(Short web captions)
- Opening Delimiter -

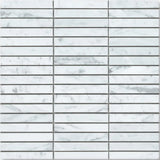 Carrara 1x4 Brick Honed White Marble Mosaic Tile For Walls & Floors - MARICERA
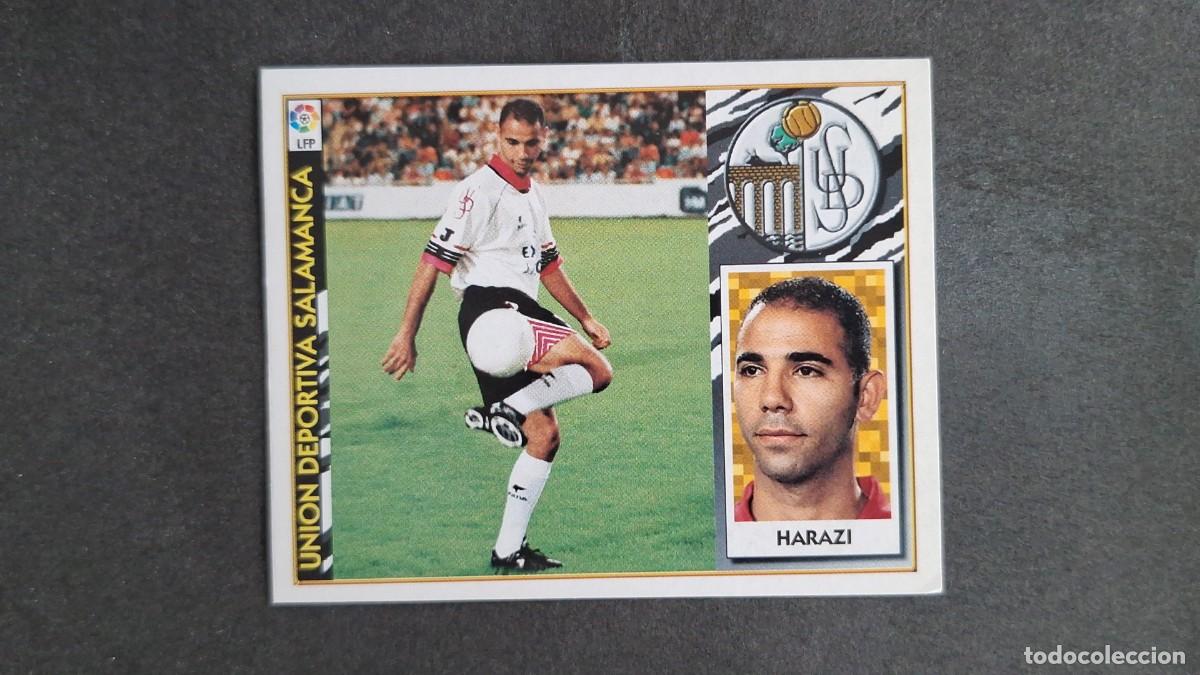 Cromos de F&uacute;tbol: L3 HARAZI U. D. SALAMANCA COLOCA LIGA ESTE 1997 1998 97 98 NUNCA PEGADO SIN PEGAR
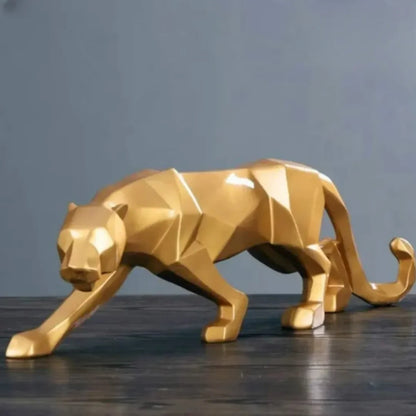 Escultura de Leopardo en Resina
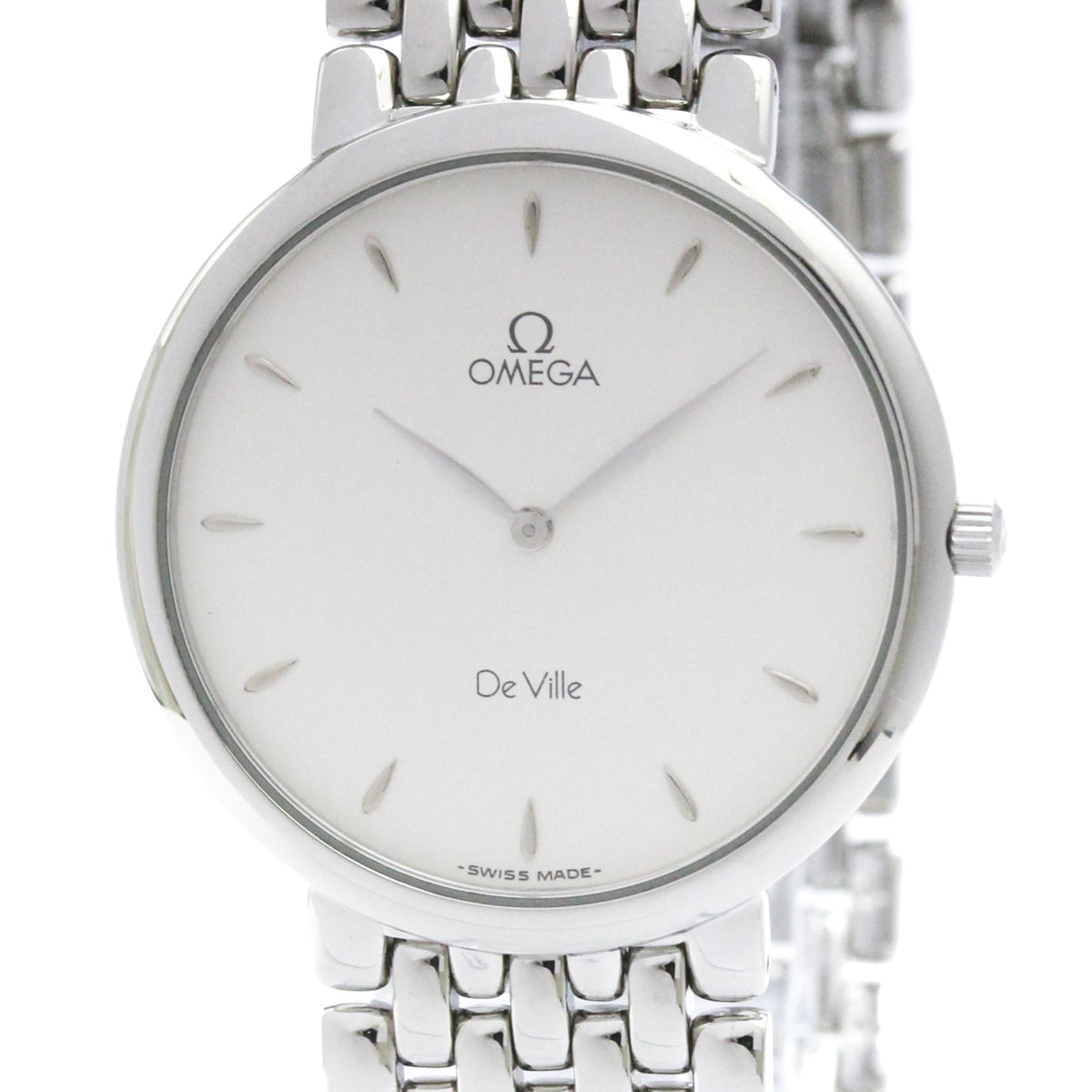 OMEGA De Ville Stainless Steel Quartz Mens Watch 7500.31 — Very Good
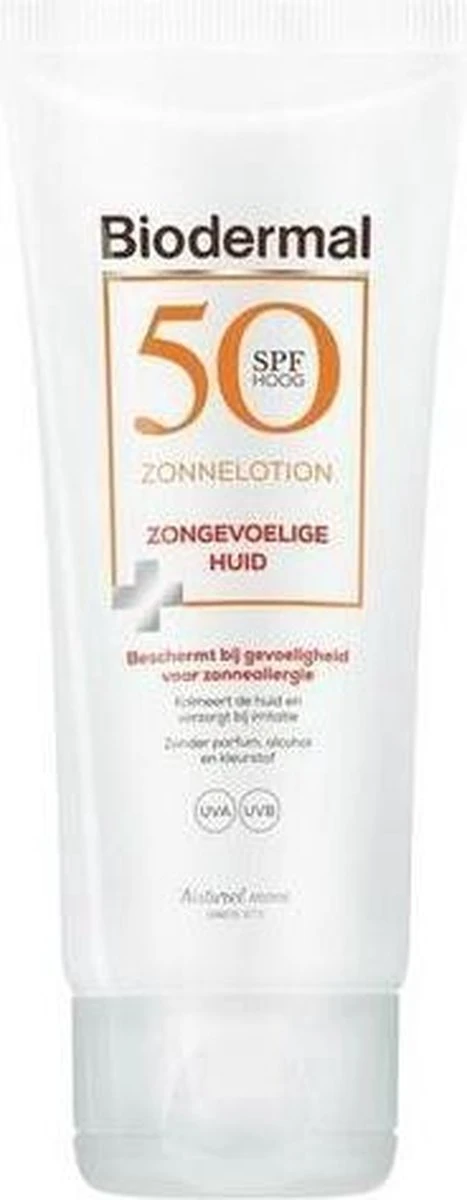 Biodermal Zonnelotion Gevoelige Huid - Zonnebrand Voor De Gevoelige Huid - Spf 50 - 100 Ml - Ook Geschikt Voor Kinderen 9 Biodermal Zonnelotion Gevoelige Huid - Zonnebrand Voor De Gevoelige Huid - Spf 50 - 100 Ml - Ook Geschikt Voor Kinderen - Afbeelding 9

- Closing Delimiter -

=== What you need to do ===
An acceptable answer holds exactly the lines from the one with "Escultura de Leopardo en Resina" through the end of the entries above, both ends kept, and no pictures at all.

=== Solution to this problem ===
 Escultura de Leopardo en Resina
 OMEGA De Ville Stainless Steel Quartz Mens Watch 7500.31 — Very Good
 Biodermal Zonnelotion Gevoelige Huid - Zonnebrand Voor De Gevoelige Huid - Spf 50 - 100 Ml - Ook Geschikt Voor Kinderen 9 Biodermal Zonnelotion Gevoelige Huid - Zonnebrand Voor De Gevoelige Huid - Spf 50 - 100 Ml - Ook Geschikt Voor Kinderen - Afbeelding 9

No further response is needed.